30 Oct 2003|Davis Masten

Typically I love articles on design. I remain disturbed by Michel Marriott’s recent article For Mars and Venus: A Midpoint in Design (NYT CIRCUITS, October 9, 2003). I agree with many of the points in the article, particularly the quote from my old friend Brenda Laurel “If you are a man you are not a wuss for carrying it around. That’s the bottom line.” Brenda has had to fight in a man’s world and understands that if the product is” too fem”, it narrows the market. But I object to the article not drilling down a deeper gender and design issues.

Design, at least in the world of industrial design, interaction design and product development is still a man’s world. Women are still a small minority in the design world. While Steve Jobs can inspire great design out of men and women, most of the design infrastructure is biased towards the considerably less complicated world of men.

Women’s envelope of concern typically is broader and more multifaceted than men’s. Across the United States women typically have the responsibility for family, day to day finance, the diet, well being and scheduling in the household to name but a few of the multiplexed experiences women have to weigh and balance everyday.

Our gender studies we did for Brenda in the early days of Purple Moon showed that emotional development and the corresponding emotional language is a much richer tapestry with girls than boys.
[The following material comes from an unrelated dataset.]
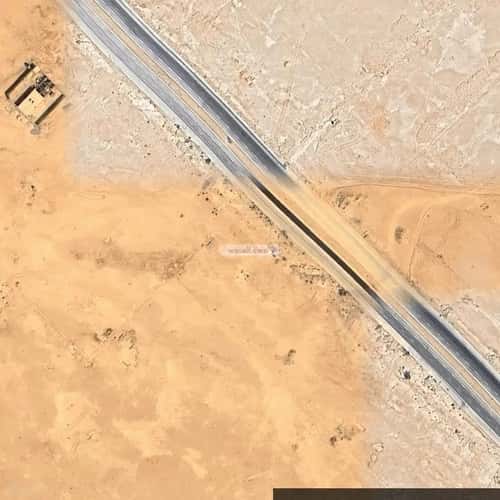 أرض 1050 متر مربع واجهة شرقية عريض، جنوب الرياض، الرياض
There are aspects of the social dynamics within girl’s lives that I believe most men never have a sense of, let alone ability to value or articulate it in design.

Not only are women’s lives more dimensional, the bar continues to rise for what it takes for the average woman to feel like a success. This sense of inadequacy increases as science develops new metrics of understanding and cultural awareness increases as an interconnected world accelerates us. Generally there are just an increasing number of variables and distinctions about them and all the while, expectations on women are to demonstrate mastery of all their domains.

I believe that we need more women designers. They understand these pressures both practically and intuitively. Until women are more able to influence design, the experience of many products will lack as deep of a connection as they might. I have argued for over a decade that women represent an untapped market in the trillions. Slowly strides have been made. But I remember talking with the VP of the Decision Center for one of the automobiles companies. He argued that what a team of women designing a car would do “make a better space for a purse?”. I don’t know what women would do to redesign a car. But I do know that this particular car company had fewer than 5% of its design staff as women. With so few women the company will never have the perspective or the resources to discover this new ground.

There are so many areas where women needs and desires are divergent from men’s. For instance, while the average 18 year old male defines the experience of a music speaker by the size and penetrating resonance of its subwoofer, most women think of the speakers as an eyesore or an obstacle to great interior design. The speaker designs are generally between Mars and Venus. But there are many women who love Home Theaters not only for the entertainment but also because the trend is for speakers inside the wall and out of the way. This speaker example is just one of many where the solution to meet women’s needs is not about a compromise but an entirely different perspective. If there were more women involved in design, this change in speakers might not have had to wait until the home theater revolution evolved.

Women have such an enormous buying power it is unfortunate that there are so few women designers to help unleash this power. At a time the global economy needs new markets with BIG ideas and FRESH alternatives, the women’s market will remain largely untapped at least as addressed in the world of industrial design and interaction.

I hope that design, like science and technology can attract more women to their fields. With these skills women can design a world that better suits their needs. The need is enormous and grossly underserved.